> **WORK ITEM**
Would you retype exactly the lines below, starting with the one that has "تقويم مغناطيسي أكريليك" and going on through the one that has "Women's Retro Distressed", with no pictures and nothing else?

> **RECORDS SHOWN**

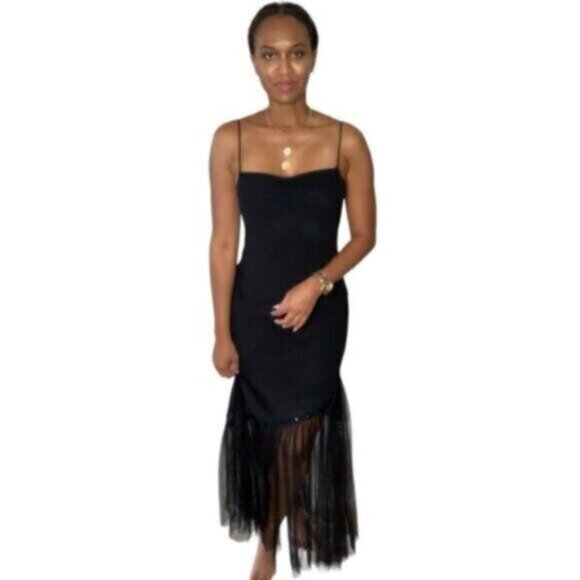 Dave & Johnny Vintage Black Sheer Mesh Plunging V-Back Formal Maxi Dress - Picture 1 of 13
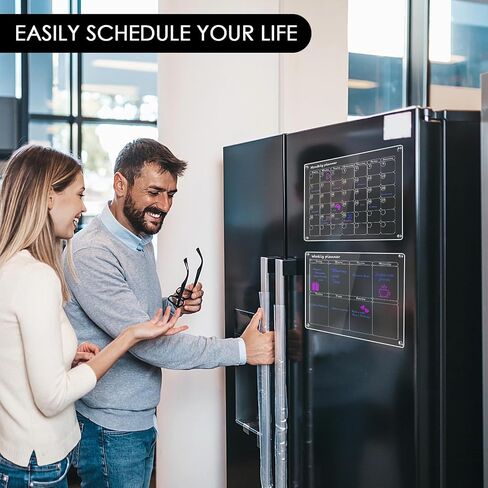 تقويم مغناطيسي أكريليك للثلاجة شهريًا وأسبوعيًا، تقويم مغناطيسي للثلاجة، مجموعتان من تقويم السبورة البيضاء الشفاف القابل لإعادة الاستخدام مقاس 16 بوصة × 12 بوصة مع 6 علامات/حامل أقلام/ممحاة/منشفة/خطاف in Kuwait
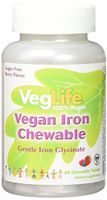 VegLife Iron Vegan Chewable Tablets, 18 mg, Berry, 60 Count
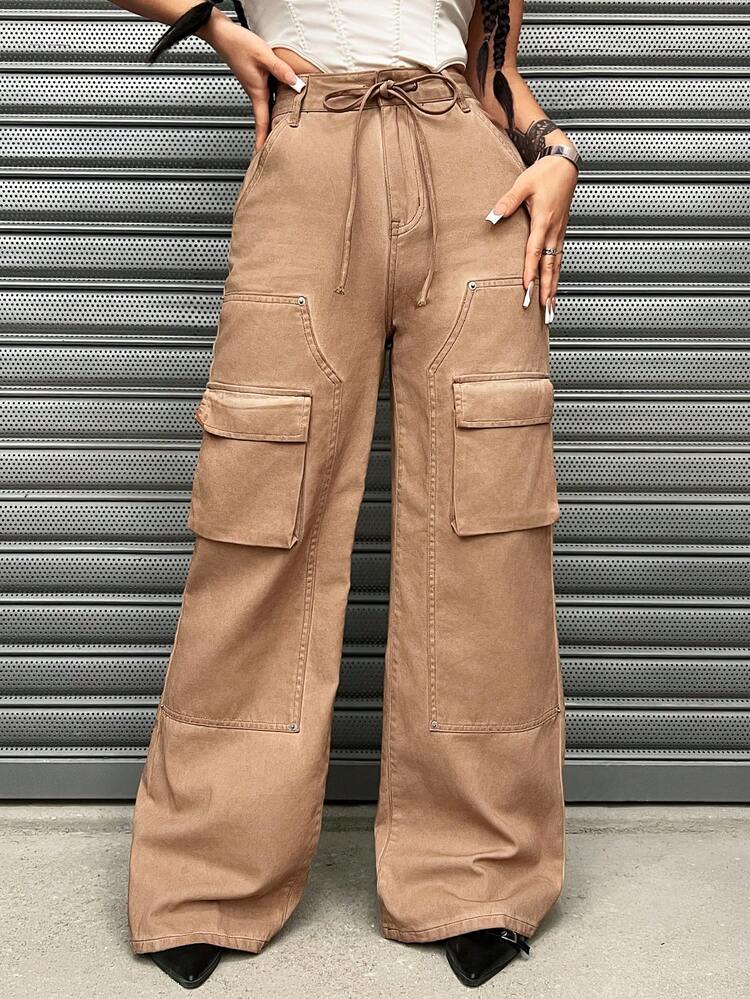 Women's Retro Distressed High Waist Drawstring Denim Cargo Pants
---
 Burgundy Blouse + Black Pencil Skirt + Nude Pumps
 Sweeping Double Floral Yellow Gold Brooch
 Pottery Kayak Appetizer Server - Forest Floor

> **TASK OUTPUT**
 تقويم مغناطيسي أكريليك للثلاجة شهريًا وأسبوعيًا، تقويم مغناطيسي للثلاجة، مجموعتان من تقويم السبورة البيضاء الشفاف القابل لإعادة الاستخدام مقاس 16 بوصة × 12 بوصة مع 6 علامات/حامل أقلام/ممحاة/منشفة/خطاف in Kuwait
 VegLife Iron Vegan Chewable Tablets, 18 mg, Berry, 60 Count
 Women's Retro Distressed High Waist Drawstring Denim Cargo Pants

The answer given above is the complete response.